DIRECTIONS FOR THIS TASK:
Go through the data below and copy each line where the word "with" occurs.

TASK DATA:
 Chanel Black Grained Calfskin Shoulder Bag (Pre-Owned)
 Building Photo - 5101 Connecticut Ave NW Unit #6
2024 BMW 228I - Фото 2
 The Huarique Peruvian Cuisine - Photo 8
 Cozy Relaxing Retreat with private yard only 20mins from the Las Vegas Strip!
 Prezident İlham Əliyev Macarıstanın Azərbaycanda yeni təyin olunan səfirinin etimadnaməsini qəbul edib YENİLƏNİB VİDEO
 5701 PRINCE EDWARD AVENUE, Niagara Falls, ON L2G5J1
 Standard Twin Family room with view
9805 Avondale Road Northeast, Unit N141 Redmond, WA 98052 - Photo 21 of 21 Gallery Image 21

OUTPUT FOR THIS TASK:
 Cozy Relaxing Retreat with private yard only 20mins from the Las Vegas Strip!
 Standard Twin Family room with view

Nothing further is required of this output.